In those moments, we are not resisting murder. We are refining it. We are polishing Cain’s dagger with a religious smile.
The commandment may be brief, but it is vast. It is deeper than the Mariana Trench and wider than the longest grudge you’ve ever held. And if we’re honest, it convicts us not as innocent bystanders, but as clean-shaven Cains. We are not merely like Cain—we are Cain. Cain in a collared shirt. Cain with a hymnal. Cain with a Sunday smile and a simmering heart. We are Cain in the pew. And unless we repent, we will follow him—not to a prison cell, but into the same exile: away from the presence of the Lord.
So what will you do, murderer in the pew? Will you rise from worship to walk away, blood still on your hands and bitterness still in your heart? Or will you fall—finally—at the feet of the One whose blood cleanses even the most religious killers?
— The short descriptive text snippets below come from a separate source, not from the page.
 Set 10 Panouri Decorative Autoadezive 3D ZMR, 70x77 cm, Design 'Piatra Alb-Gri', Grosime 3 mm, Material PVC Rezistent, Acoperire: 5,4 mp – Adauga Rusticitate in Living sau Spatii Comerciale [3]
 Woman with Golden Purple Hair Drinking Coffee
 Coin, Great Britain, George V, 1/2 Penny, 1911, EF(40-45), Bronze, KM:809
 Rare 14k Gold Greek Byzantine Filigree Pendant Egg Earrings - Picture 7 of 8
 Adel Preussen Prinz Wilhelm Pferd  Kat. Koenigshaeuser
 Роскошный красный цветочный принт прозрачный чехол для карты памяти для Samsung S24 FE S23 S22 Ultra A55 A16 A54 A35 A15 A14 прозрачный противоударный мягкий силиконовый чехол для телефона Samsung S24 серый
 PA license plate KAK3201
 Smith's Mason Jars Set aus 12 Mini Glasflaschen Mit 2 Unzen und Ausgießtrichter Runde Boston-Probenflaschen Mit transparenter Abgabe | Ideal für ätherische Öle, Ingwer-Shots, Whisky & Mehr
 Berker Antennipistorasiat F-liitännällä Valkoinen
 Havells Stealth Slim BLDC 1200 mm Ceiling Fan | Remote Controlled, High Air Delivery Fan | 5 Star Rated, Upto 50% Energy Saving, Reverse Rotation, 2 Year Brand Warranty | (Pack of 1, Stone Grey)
Because murder is not merely the end of a life—it is the end of love. It is the soul’s declaration of autonomy: I will decide who matters. I will determine who deserves mercy. I will define justice on my terms.
But here, in the midst of our guilt, a louder voice speaks. And it is not the blood of Abel, crying out for vengeance—it is the blood of Jesus Christ, crying out for mercy. Christ is the true Abel, the greater Brother, the innocent Righteous One who was murdered by those He came to save. We, like Cain, envied Him. We, like Cain, rejected His offering. We, like Cain, hated Him without cause. And we, like Cain, delivered Him to death.
But unlike Abel, Christ did not remain in the grave. And unlike Cain, Christ did not cry out for retribution. He interceded for the guilty. He bled for the bitter. He died for the murderers. He was slaughtered by sinners so that sinners might be saved.
His blood does not accuse—it absolves. It speaks a better word than Abel’s. A louder word. A final word. Not vengeance, but forgiveness. Not exile, but welcome. Not condemnation, but cleansing.
And now, in His mercy, He stands at the door—not crouching like sin, but knocking like a Savior. And the question that hangs over every soul is not “Have you murdered?”—for the answer, in one form or another, is yes. The question is: What will you do with the sin that lives in your heart?
You are either with Cain or in Christ.
You either cling to your grudge or you cast it at the foot of the cross.
You either defend your anger or you surrender your soul.
So come. Come not because your hands are clean, but because His were pierced. Come not with your righteousness, but clothed in His. Come not as Cain, hiding in the shadows, but as a child running home to the Father whose Son has made peace by the blood of His cross.
The commandment still stands. The blood still speaks. And Christ still saves.
Let the murderer in the pew repent—and live.